Work item
The answer must reproduce the listing exactly, with every picture left out.

Exercise material
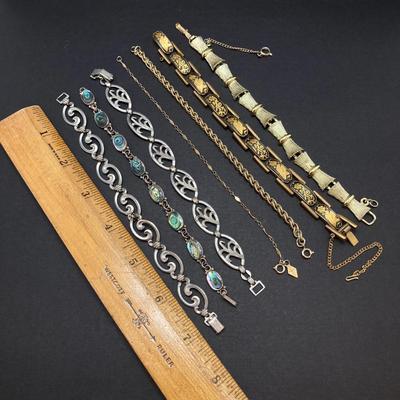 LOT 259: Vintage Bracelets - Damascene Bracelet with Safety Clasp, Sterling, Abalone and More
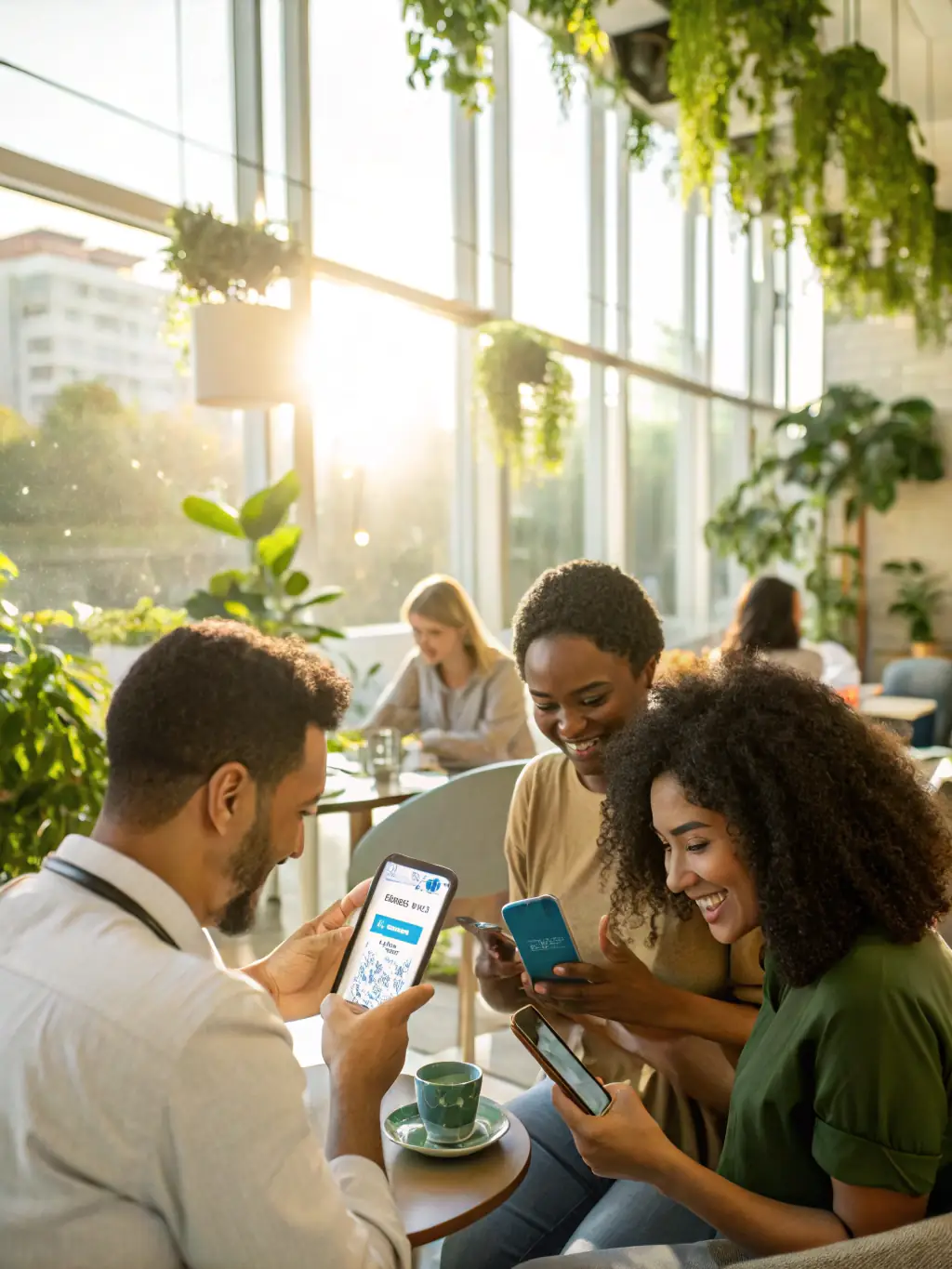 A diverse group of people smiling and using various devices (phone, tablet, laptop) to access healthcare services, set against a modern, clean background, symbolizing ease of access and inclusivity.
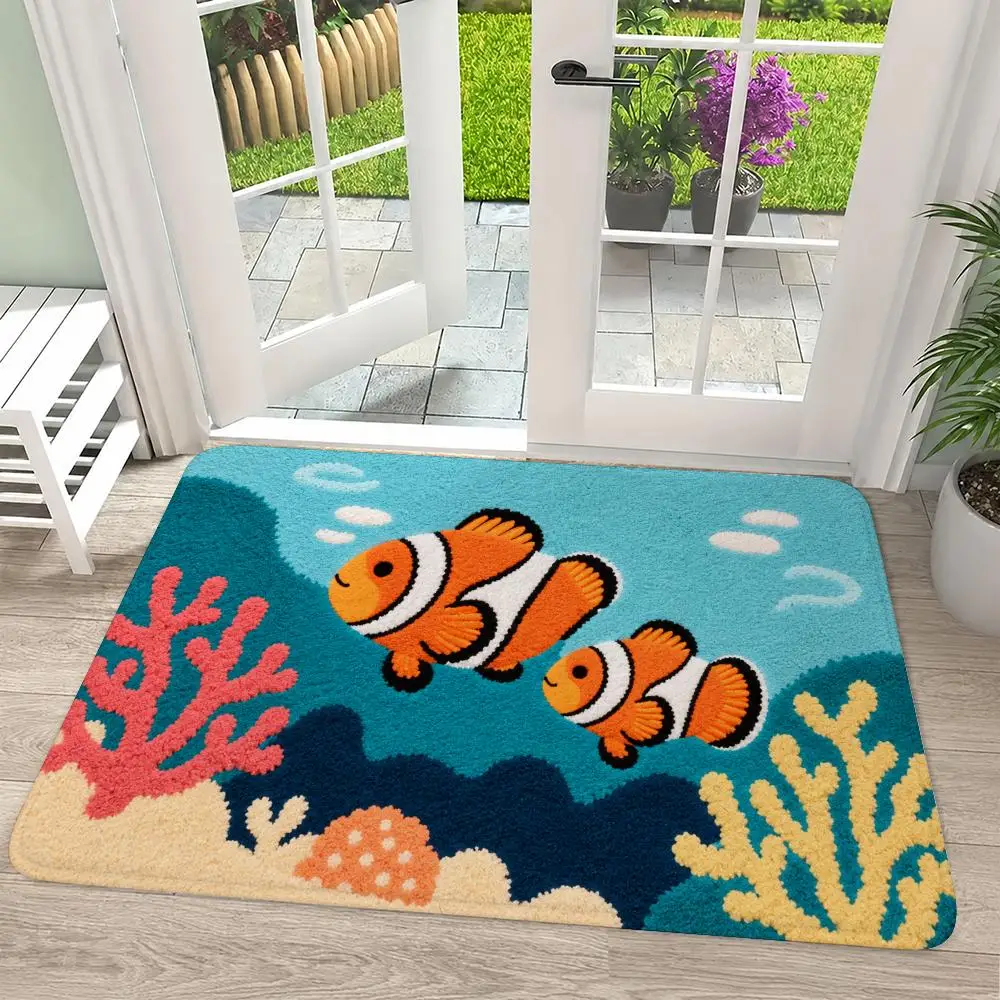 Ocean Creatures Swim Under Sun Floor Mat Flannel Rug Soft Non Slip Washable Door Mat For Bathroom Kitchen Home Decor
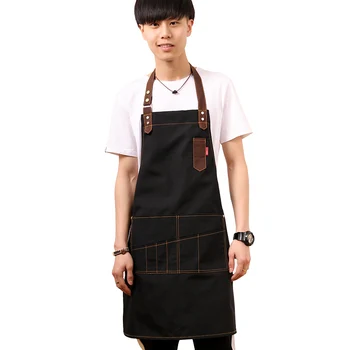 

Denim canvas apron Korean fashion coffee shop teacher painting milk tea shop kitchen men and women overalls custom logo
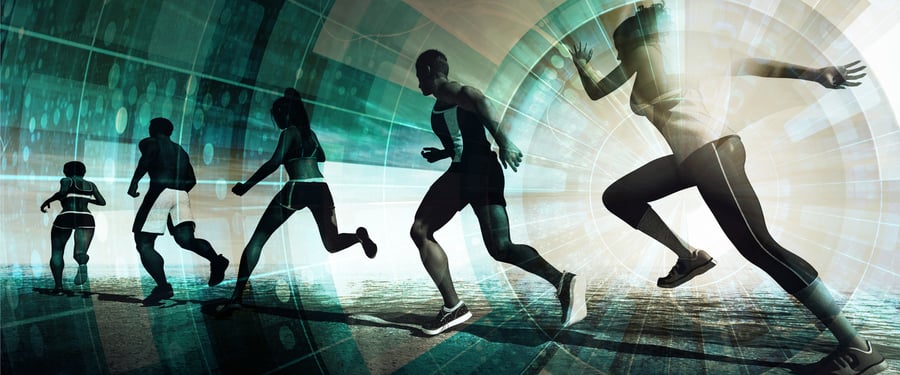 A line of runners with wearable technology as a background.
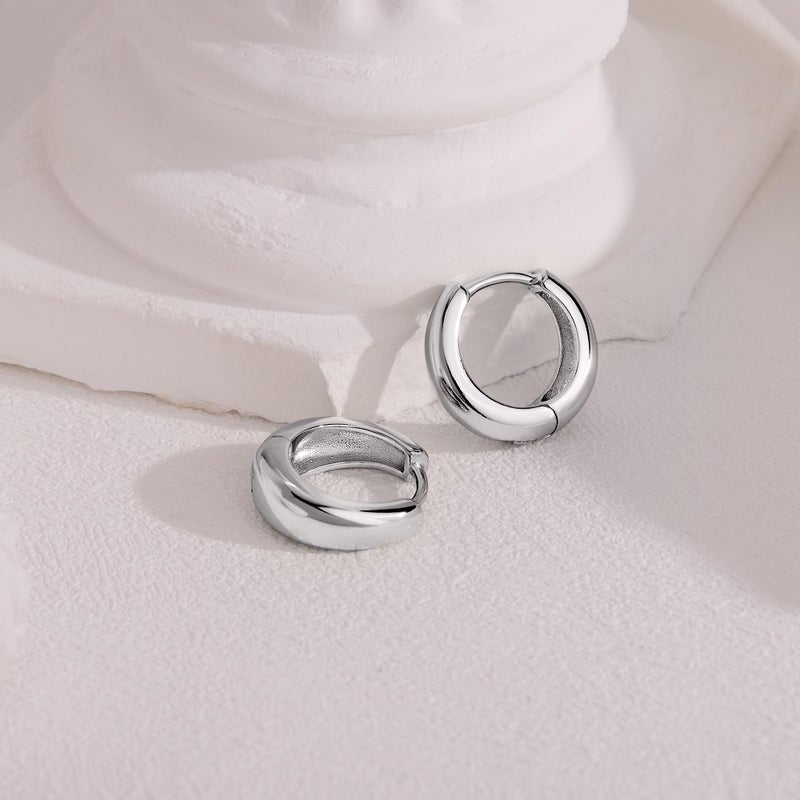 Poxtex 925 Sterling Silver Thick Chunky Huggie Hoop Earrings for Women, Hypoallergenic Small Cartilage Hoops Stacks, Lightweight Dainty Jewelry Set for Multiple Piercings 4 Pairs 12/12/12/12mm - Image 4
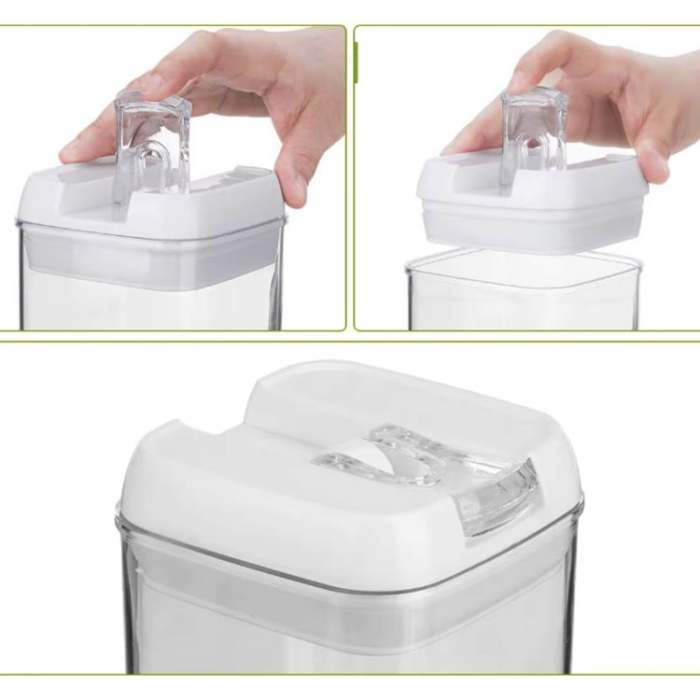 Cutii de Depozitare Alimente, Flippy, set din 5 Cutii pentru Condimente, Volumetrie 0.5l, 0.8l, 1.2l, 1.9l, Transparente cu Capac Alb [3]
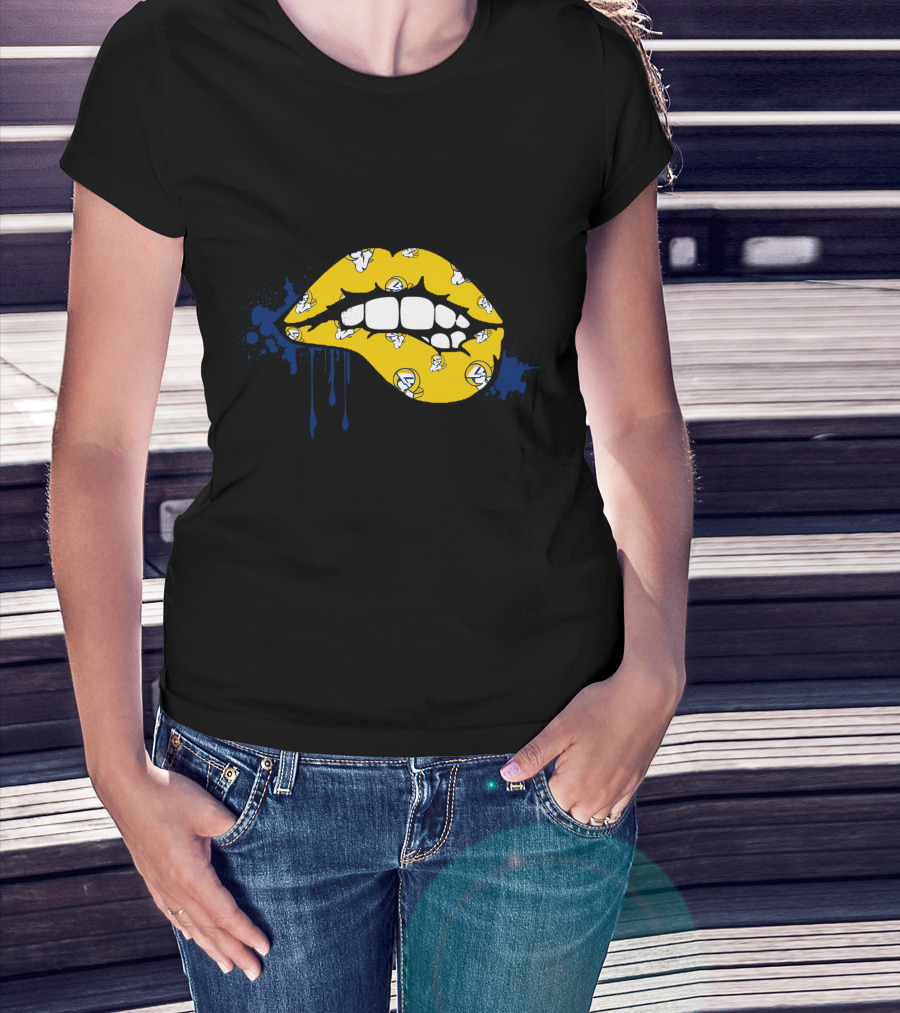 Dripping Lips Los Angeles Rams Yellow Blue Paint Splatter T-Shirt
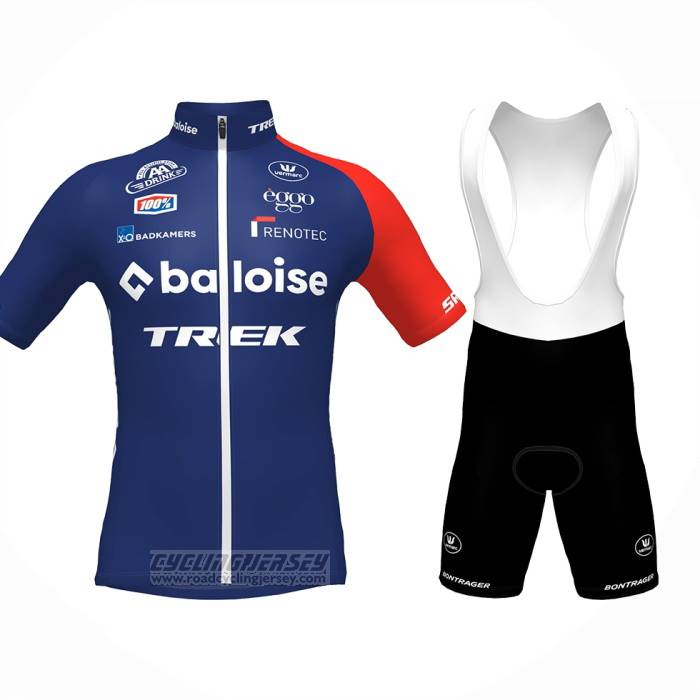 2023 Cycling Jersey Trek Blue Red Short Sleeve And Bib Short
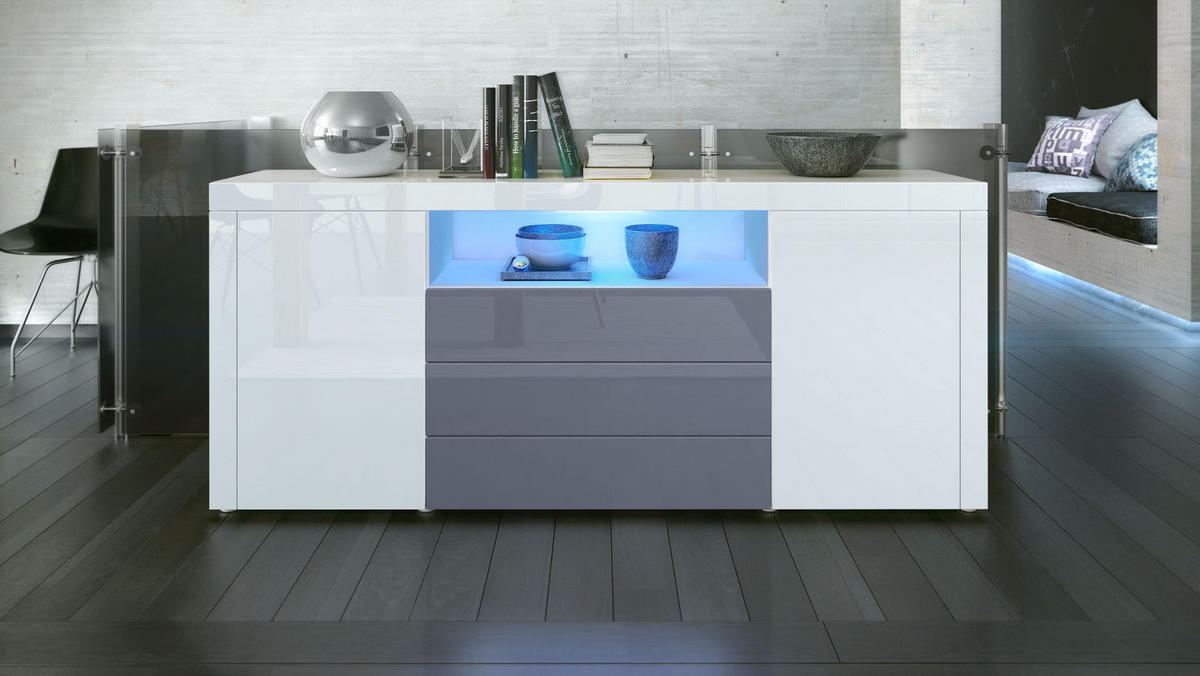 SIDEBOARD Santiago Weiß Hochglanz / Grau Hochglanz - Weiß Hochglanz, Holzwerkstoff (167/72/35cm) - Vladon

Response for this exercise
 LOT 259: Vintage Bracelets - Damascene Bracelet with Safety Clasp, Sterling, Abalone and More
 A diverse group of people smiling and using various devices (phone, tablet, laptop) to access healthcare services, set against a modern, clean background, symbolizing ease of access and inclusivity.
 Ocean Creatures Swim Under Sun Floor Mat Flannel Rug Soft Non Slip Washable Door Mat For Bathroom Kitchen Home Decor

Denim canvas apron Korean fashion coffee shop teacher painting milk tea shop kitchen men and women overalls custom logo
 A line of runners with wearable technology as a background.
 Poxtex 925 Sterling Silver Thick Chunky Huggie Hoop Earrings for Women, Hypoallergenic Small Cartilage Hoops Stacks, Lightweight Dainty Jewelry Set for Multiple Piercings 4 Pairs 12/12/12/12mm - Image 4
 Cutii de Depozitare Alimente, Flippy, set din 5 Cutii pentru Condimente, Volumetrie 0.5l, 0.8l, 1.2l, 1.9l, Transparente cu Capac Alb [3]
 Dripping Lips Los Angeles Rams Yellow Blue Paint Splatter T-Shirt
 2023 Cycling Jersey Trek Blue Red Short Sleeve And Bib Short
 SIDEBOARD Santiago Weiß Hochglanz / Grau Hochglanz - Weiß Hochglanz, Holzwerkstoff (167/72/35cm) - Vladon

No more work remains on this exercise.